EBioMedicine. 2025 May:115:105715. doi: 10.1016/j.ebiom.2025.105715. Epub 2025 Apr 23.

 

成人発症孤発性脊髄変性症は、アルツハイマー病、筋委縮性側索(ALS)やパーキンソン病などと異なり、特定の単一遺伝子性負荷が大きい疾患と考えられている。本研究は信頼できる多施設共同コホートにおいて発症した孤発性脊髄小脳変性症の成人症例の多面的遺伝子スクリーニング検査により縦断的、系統的に遺伝的背景を検討したものである。

 

対象として患者は多施設共同前向き縦断コホート(SPORTAXコホート)において発症した孤発性脊髄小脳変性症患者377例である。その内訳は、原因不明の成人発症の孤発性脊髄小脳変性症(SAOA)患者229例と小脳型多系統萎縮症のほぼ確実患者(clinically probable multiple system atrophy of cerebellar type)(MSA-Ccp148例である。
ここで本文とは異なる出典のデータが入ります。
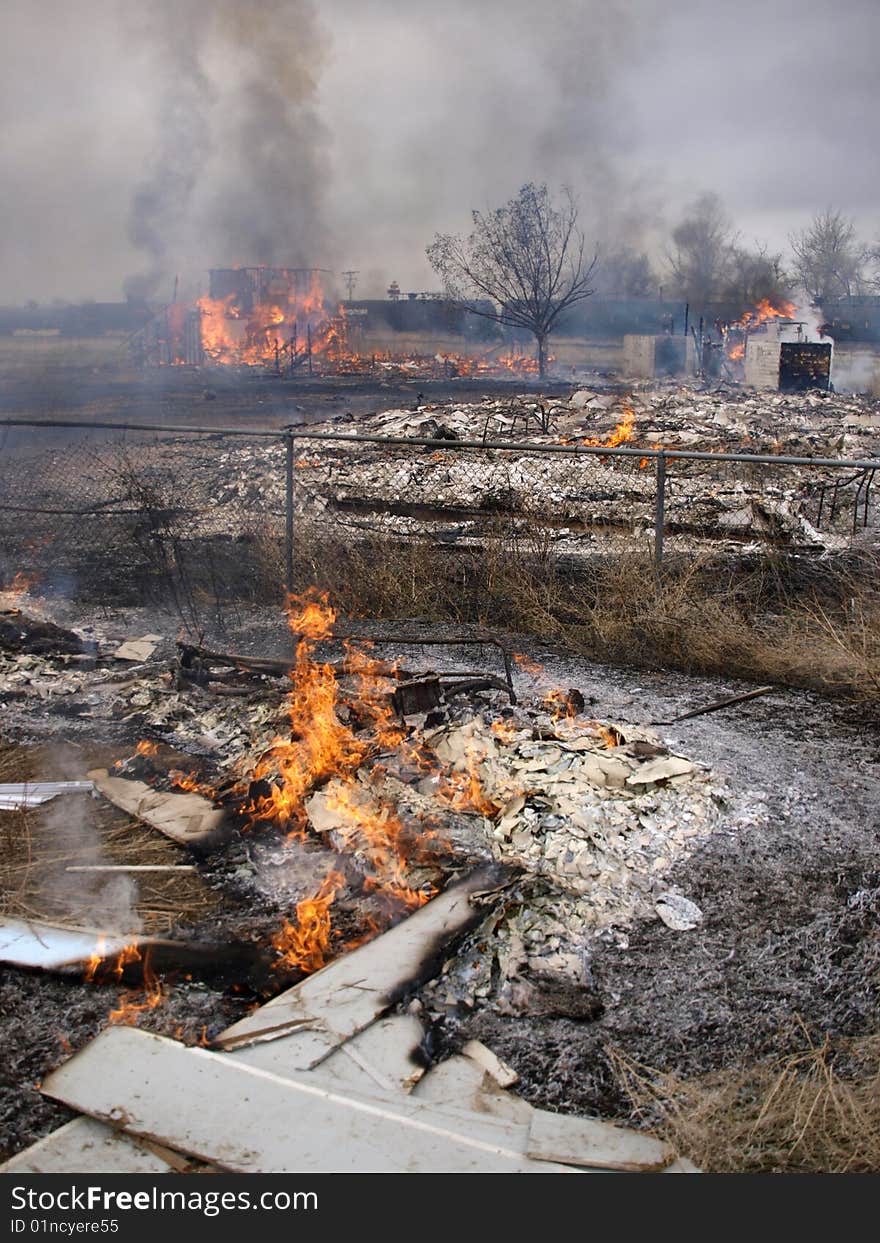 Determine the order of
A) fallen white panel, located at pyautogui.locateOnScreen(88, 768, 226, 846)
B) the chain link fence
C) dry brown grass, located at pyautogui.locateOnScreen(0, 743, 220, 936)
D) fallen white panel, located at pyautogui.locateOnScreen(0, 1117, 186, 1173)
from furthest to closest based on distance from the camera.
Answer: the chain link fence
fallen white panel, located at pyautogui.locateOnScreen(88, 768, 226, 846)
dry brown grass, located at pyautogui.locateOnScreen(0, 743, 220, 936)
fallen white panel, located at pyautogui.locateOnScreen(0, 1117, 186, 1173)

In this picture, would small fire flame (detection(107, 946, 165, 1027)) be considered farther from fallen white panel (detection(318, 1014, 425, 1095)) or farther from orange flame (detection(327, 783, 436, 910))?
orange flame (detection(327, 783, 436, 910))

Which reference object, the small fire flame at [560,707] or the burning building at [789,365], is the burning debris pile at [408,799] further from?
the burning building at [789,365]

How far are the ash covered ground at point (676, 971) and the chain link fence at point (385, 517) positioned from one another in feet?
8.38

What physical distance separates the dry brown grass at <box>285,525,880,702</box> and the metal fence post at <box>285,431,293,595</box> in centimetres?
30

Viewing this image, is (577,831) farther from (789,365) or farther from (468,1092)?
(789,365)

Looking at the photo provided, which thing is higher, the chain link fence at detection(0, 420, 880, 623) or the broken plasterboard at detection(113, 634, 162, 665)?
the chain link fence at detection(0, 420, 880, 623)

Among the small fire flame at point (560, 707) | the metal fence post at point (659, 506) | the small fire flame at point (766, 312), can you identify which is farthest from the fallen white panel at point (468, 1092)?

これらの者に対して、次世代シークエンシング(NGS)を行い、GAA-FGF14SCA27B)およびRFC1リピート伸長のスクリーニング検査と血漿ニューロフィラメント軽鎖(NfL)の解析を実施した。成人発症の孤発性脊髄小脳変性症患者377例中の85例(22.5%)に病原性が疑われる遺伝子バリアントが認められた。サブグループ別には、SAOA患者229例中の67例(29.3%)、MSA-Ccp患者148例中の18例(12.2%)に認められた。377例中の45例(11.9%)にGAA-FGF14≥250リピート伸長を認め、MSA-Ccpでは9例に認めた。377例中の17例(4.5%)にRFC1リピート伸長を認め、MSA-Ccpでは3例に認めた。377例中の24例(6.4%)に一塩基バリアント(SNV)を認め、がMSA-Ccpでは6例に認めた。2つの関連する遺伝子バリアントを同時に有していた者(二重診断)は5例(1.3%)あった。

 

成人発症の孤発性脊髄小脳変性症は単一遺伝子性疾患である可能性は低いことが示された。単一遺伝子バリアントとしては、GAA-FGF14およびRFC1リピート伸長の負荷が大きいことが明らかになった。MSA-Ccpの患者がかなりの割合で含まれていることが臨床診断の特異度を下げていた。成人発症の孤発性脊髄小脳変性症にはMSA-Cとは別の遺伝性背景がある可能性が示唆された。MSA様の特徴が認められる症例に対して孤発性脊髄小脳変性症患者の遺伝子検査および遺伝カウンセリングが必要である。標的治療が登場してきている現状において今回の知見は患者の治療を考える上で有用なものであると考えられる。

 

URL

https://pubmed.ncbi.nlm.nih.gov/40273470/

 

コメント

散発性成人発症型運動失調症に対して次世代シーケンシング手法の活用や多施設コホートにより遺伝的な解析をしたものがこれまでなかった。散発性成人発症失調症の遺伝子系列をサブグループに分け、縦断的自然史的に解析したところ単一遺伝子変異の負担が大きい(22%)もののそれ以外の遺伝子変異も関係していることが示唆された。包括的な遺伝子検査を行うことにより、動的リピート伸長を伴う成人発症の遅い運動失調症や常染色体劣性遺伝疾患が説明できたとしている。散発性成人発症型運動失調症の遺伝子スクリーニング検査として、GAA-FGF14およびRFC1リピート伸長の検査を日常的に行うことにより診断精度向上につながるとしている。他方で遺伝カウンセリングの体制を整え、標的治療へのアクセスを高めるなどの課題があるとしている。